1. Field of the Invention
The present invention relates to an optical transmission apparatus and method, and more particularly, to an optical transmission apparatus and method using a light source for wavelength division multiplexing (WDM) optical communication that employs a Fabry-Perot laser diode (F-P LD) whose output wavelength is locked by an externally injected incoherent light, a multifiber, and a waveguide grating router.

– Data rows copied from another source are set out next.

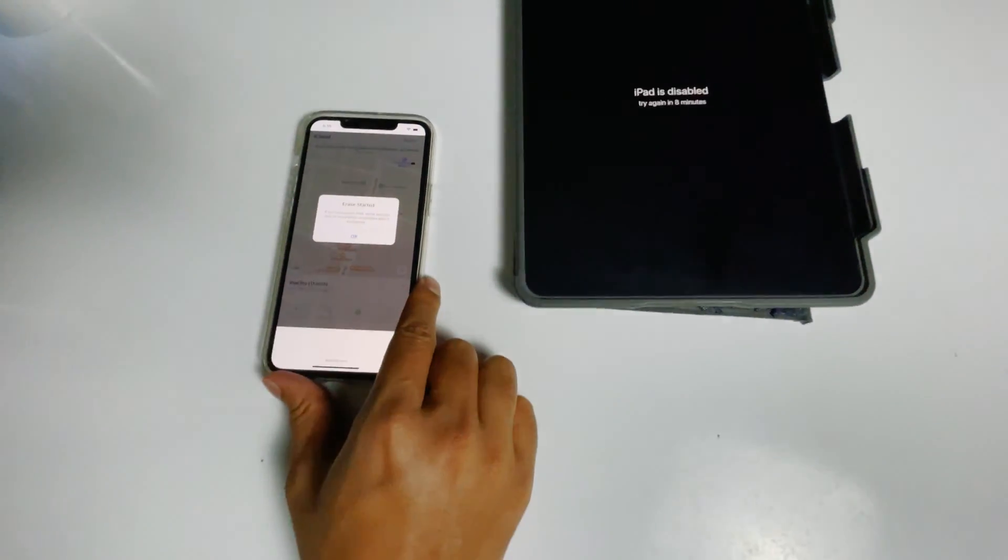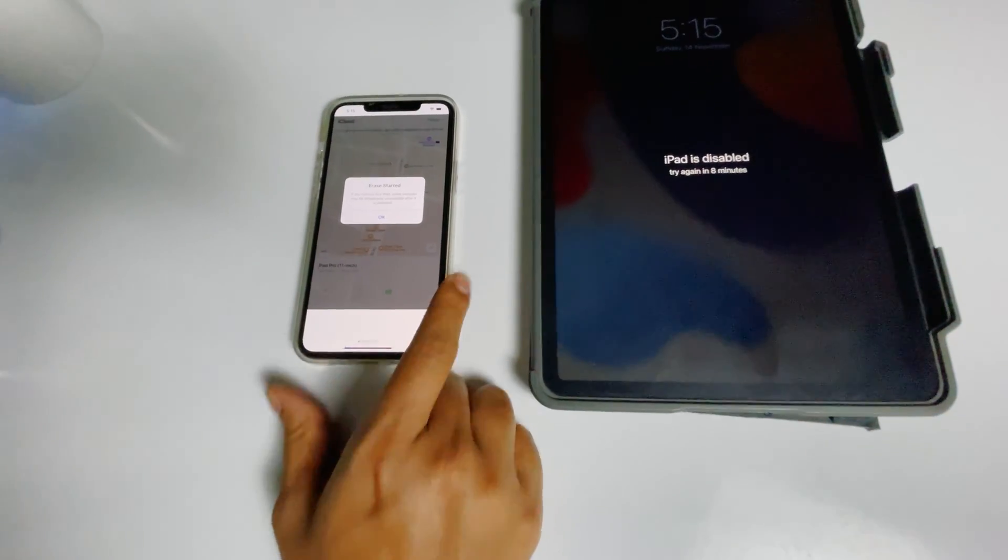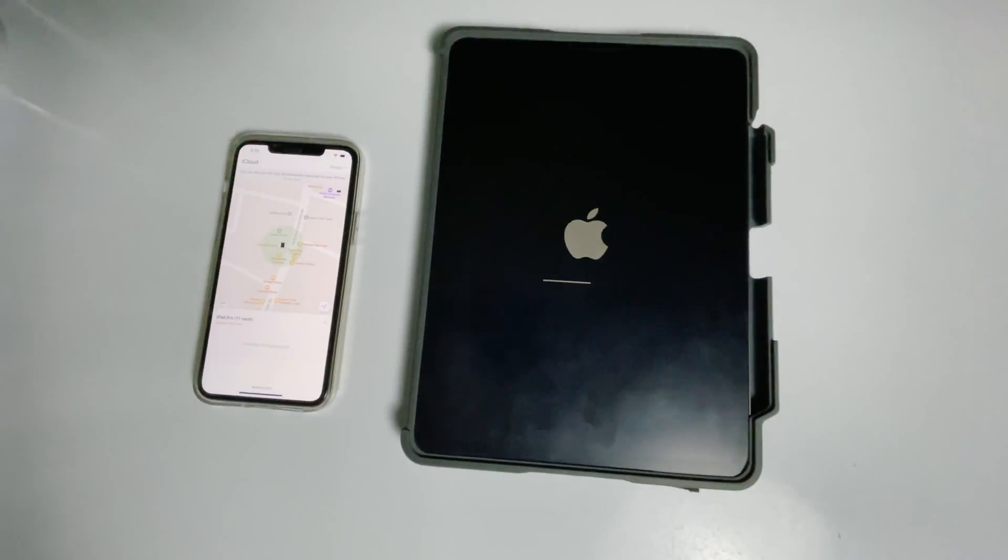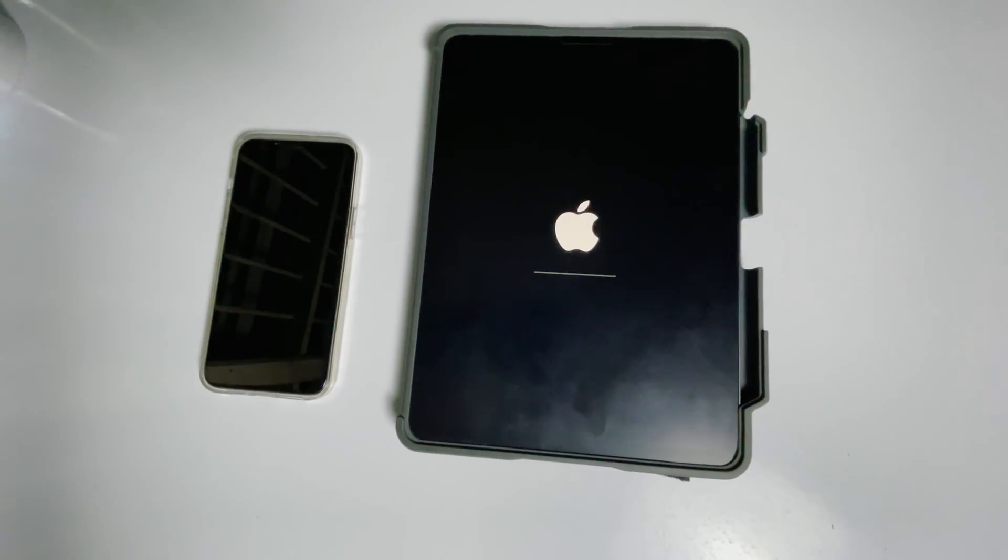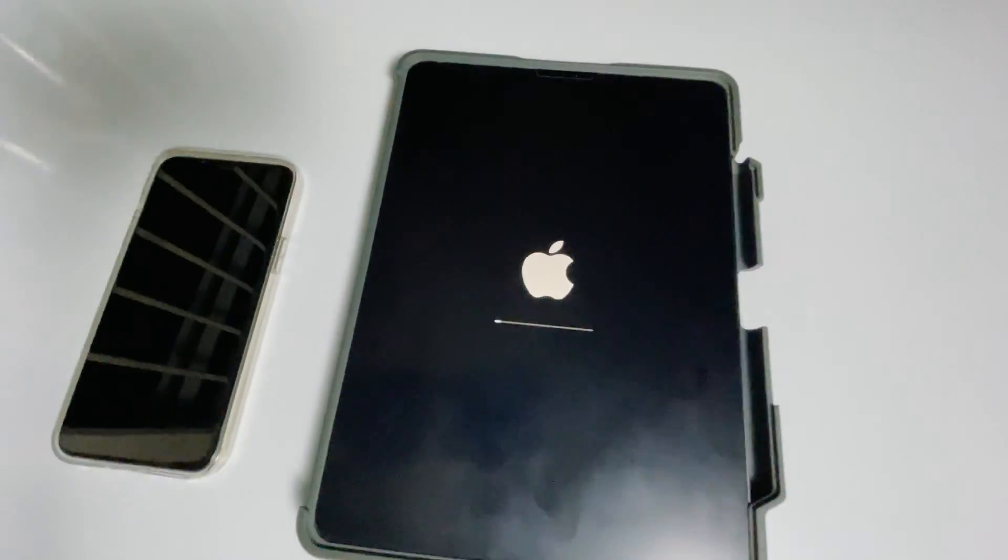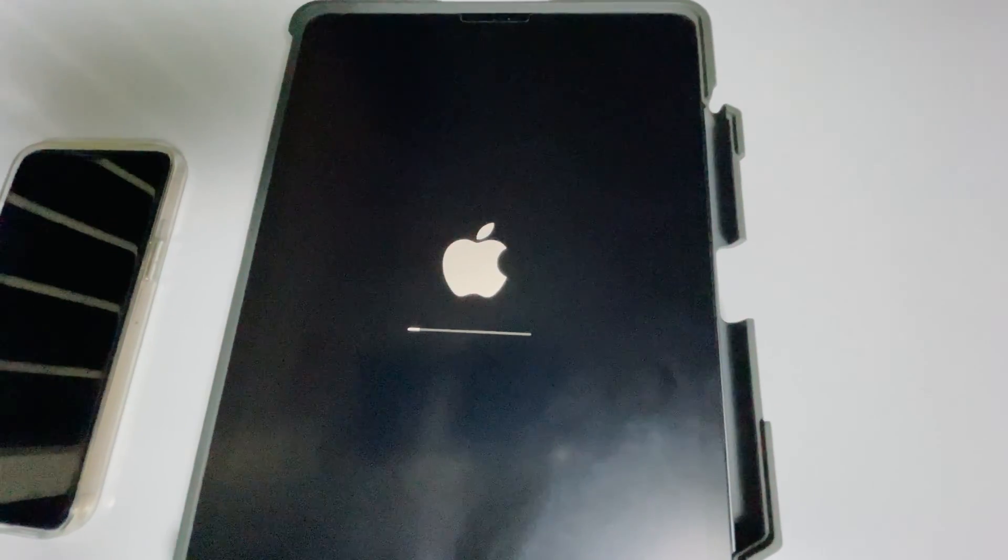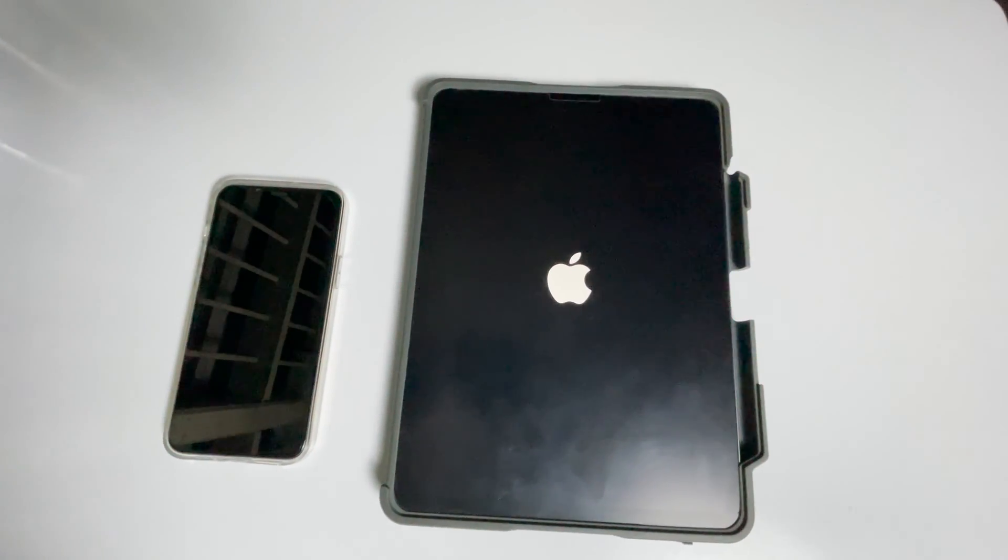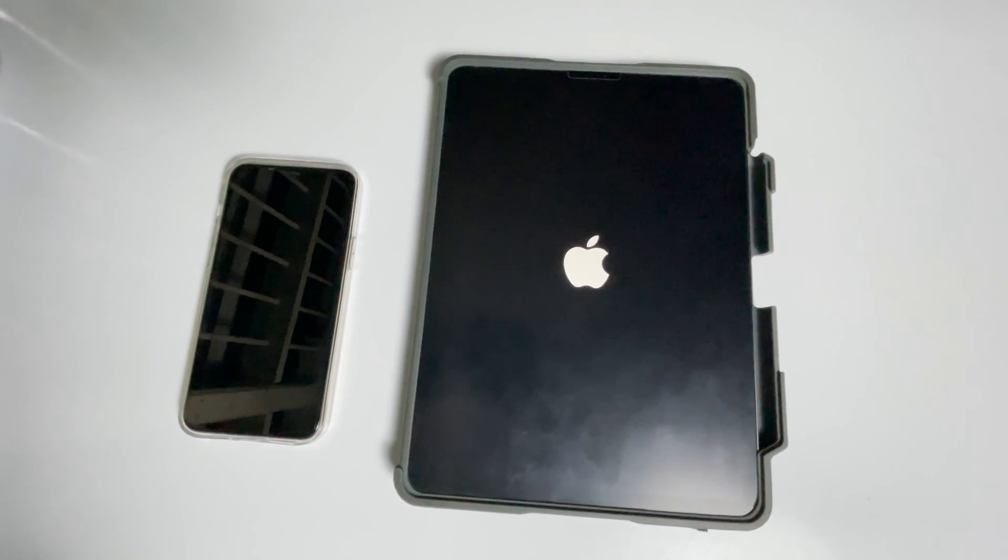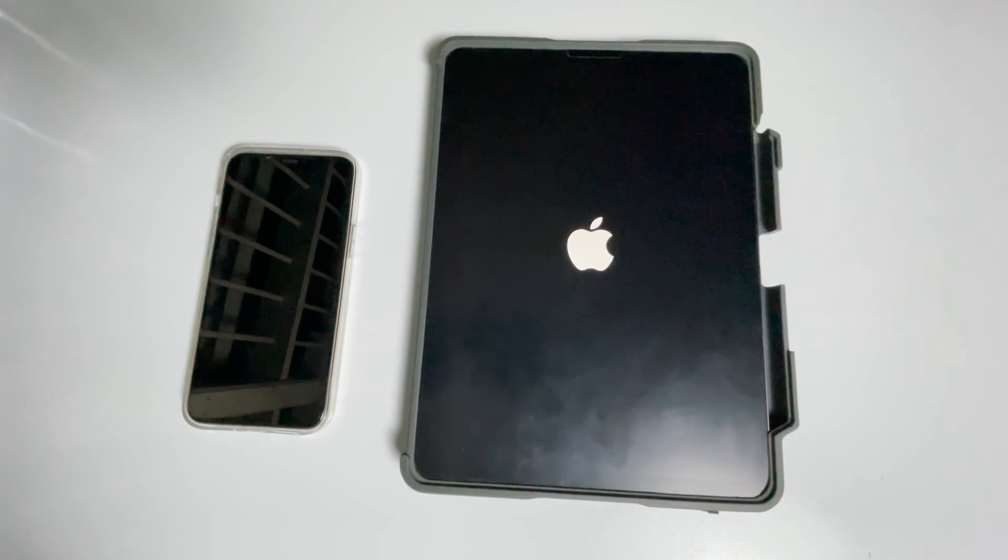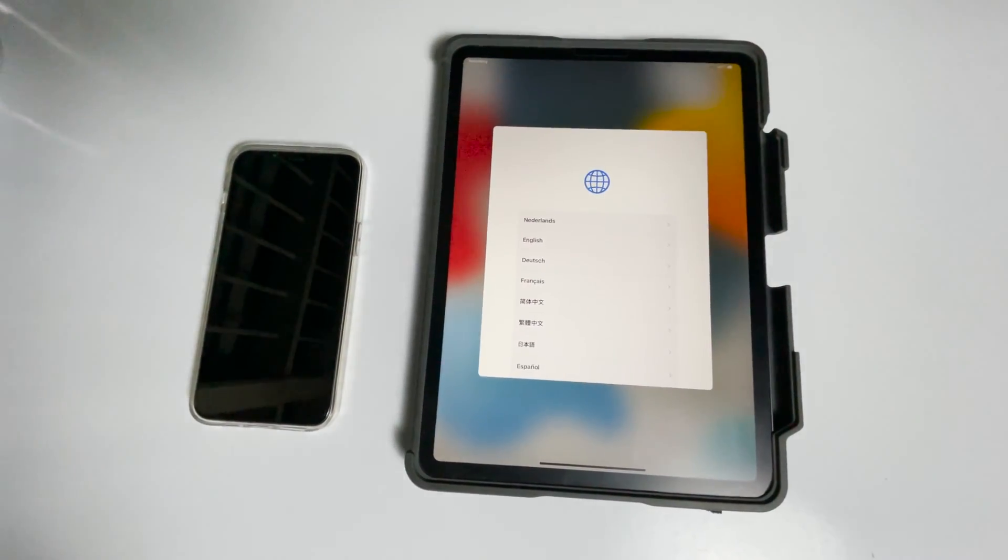As you can see, we will be getting a message, the erase started. Go for okay. And as you can see that it is all done.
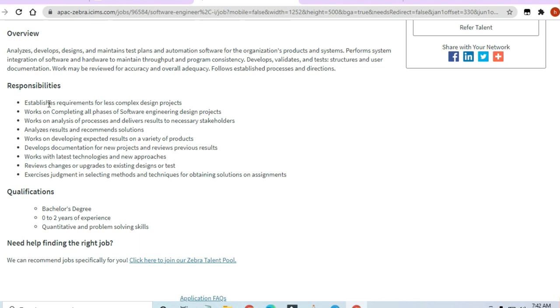So guys, this is what you will have to work on. Work on all phases of software designing. It's not that you have to code itself. You have to test it, you have to deploy it, you have to maintain it. So all the operations will be carried on.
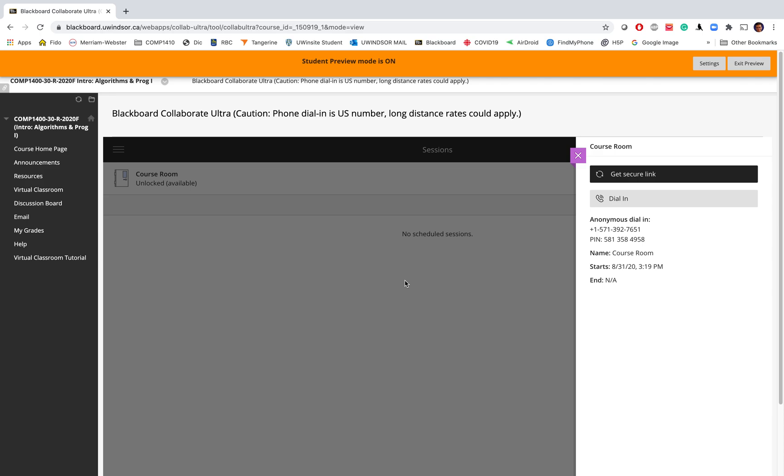As soon as you log in on Blackboard to your account, you will see the list of your courses. When you go to the course, for example COMP 1400, you will see a list of items or a menu on the left side of your screen.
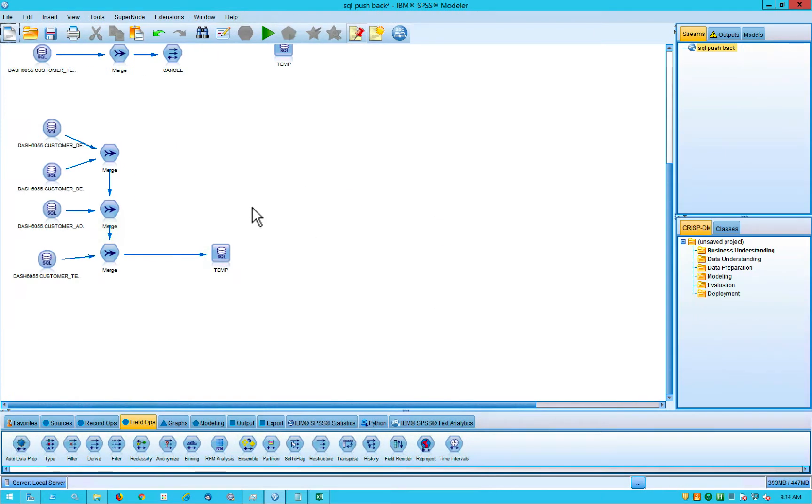So when people think about SPSS Modeler, they typically think of predictive analytics. SPSS builds really good predictive models and does predictive analytics really well.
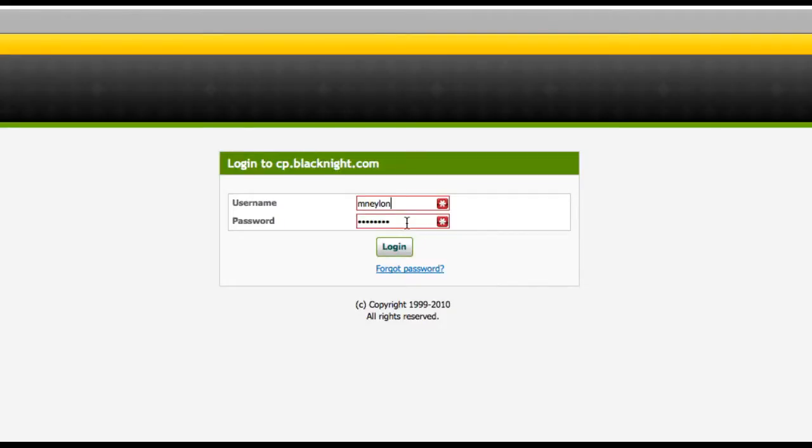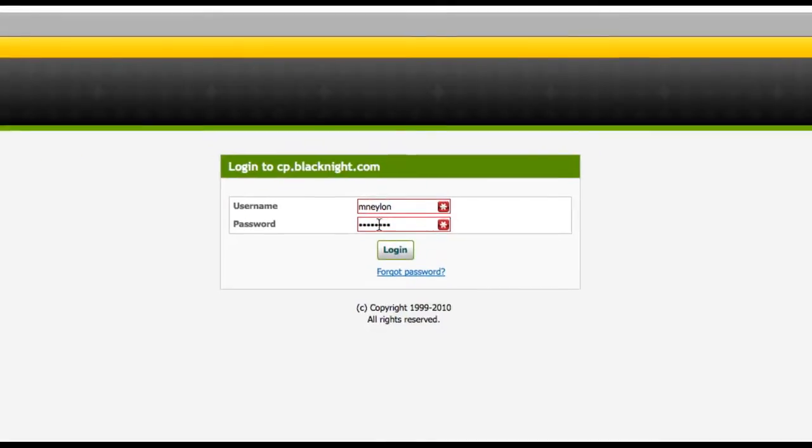Hi, it's Michele from Blackknight. This time around I'm going to show you how to lock or unlock a domain name so you can transfer to another provider.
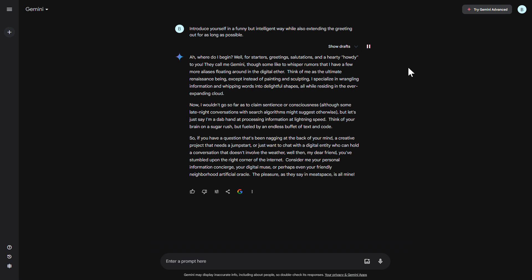Ah, where do I begin? Well, for starters, greetings, salutations, and a hearty howdy to you. They call me Gemini, though some like to whisper rumors that I have a few more aliases floating around in the digital ether. Think of me as the ultimate renaissance being, except instead of painting and sculpting, I specialize in wrangling information and whipping words into delightful shapes, all while residing in the ever-expanding cloud.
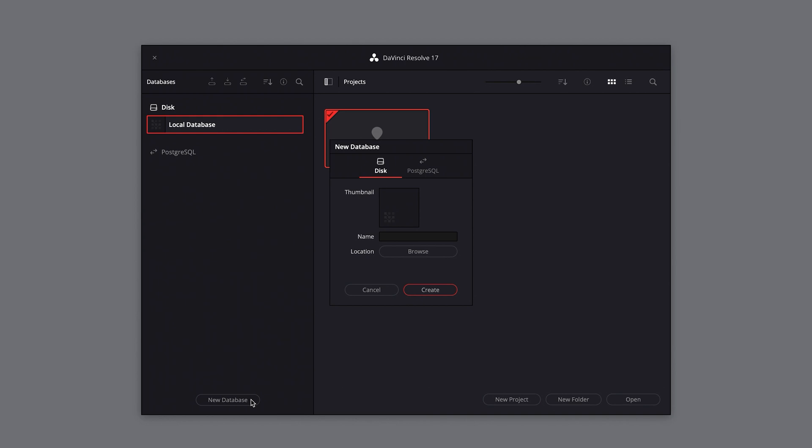Disk or PostgreSQL. If you're just working by yourself with one computer, you'll only need to worry about the local disk option. PostgreSQL is the database option for those who are working in larger teams and need to share databases across network storage.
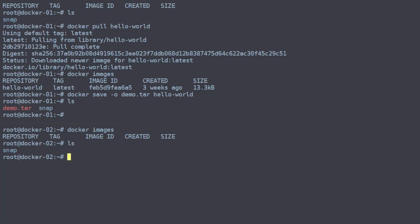Which is scp, and then the file we want to copy, demo.tar, and then we need to give it our destination of our destination machine here. So we will copy it as root and it will need the IP address.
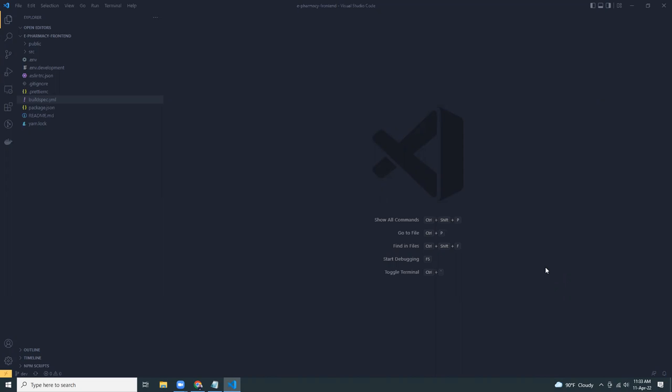So today I'm going to show you how you can create a CI/CT pipeline for your React.js applications.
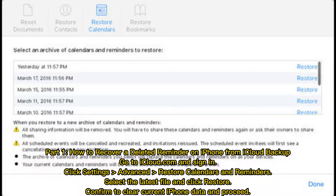Part 1: How to recover a deleted reminder on iPhone from iCloud backup. Go to iCloud.com and sign in, click Settings > Advanced > Restore Calendars and Reminders, select the latest file and click Restore, then confirm to clear current iPhone data and proceed.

2. Description of the Related Art
Wavelength division multiplexing (WDM) optical transmission apparatuses are being introduced to satisfy increasing communication demands. In particular, WDM optical transmission apparatuses are being introduced into metropolitan networks and access networks that provide broadband services such as electronic commerce, cable TV, video conferencing, etc. necessary for a future information society.
FIG. 1 illustrates a conventional WDM optical transmission apparatus. A transmission node of the conventional WDM optical transmission apparatus includes N transmitters TX1-TXN that output optical signals λ1˜λN having different wavelengths, and an N×1 multiplexer MUX that multiplexes output signals of the N transmitters TX1-TXN. A reception node of the conventional WDM optical transmission apparatus includes a 1×N demultiplexer DEMUX that divides received signals into optical signals of different wavelengths, and N receivers RX1-RXN that regenerate electrical signals from the optical signals. The transmission node and the reception node are connected via an optical fiber. In case where a transmission distance is long, an optical amplifier is used to compensate for loss of the optical fiber.
Since channels for connecting the transmission node and the reception node of the conventional WDM optical transmission apparatus are divided by wavelengths of the optical signals, a light source used for the transmission node needs a stable output wavelength, and interference between adjacent channels needs to be minimized. The conventional WDM optical transmission apparatus needs high output power to guarantee a sufficient optical signal to noise ratio, and a narrow line width to minimize effect of chromatic dispersion. A distributed feedback laser diode (DFB LD) is a light source that meets such requirements. However, since the DFB LD is expensive, incoherent lights are usually used in the access network that requries an economical light source.
Since incoherent lights using a light emitting diode (LED), a super luminescent diode (SLD), and a natural emitting light of the optical amplifier have wide spectrums, it is difficult to use a WDM light source as it is, and a spectrum slicing method is used. However, the LED does not have sufficient output power to provide a plurality of channels using the spectrum slicing method, and while the SLD has relatively high output power it is expensive. The light source of the optical amplifier has high output power but needs an external modulator.
A light source for the WDM optical communication using a Fabry-Perot laser diode (F-P LD) whose output wavelength is locked by an externally injected incoherent light is an economical light source. Although it is economical, a plurality of users uses a plurality of light sources, i.e., different wavelengths.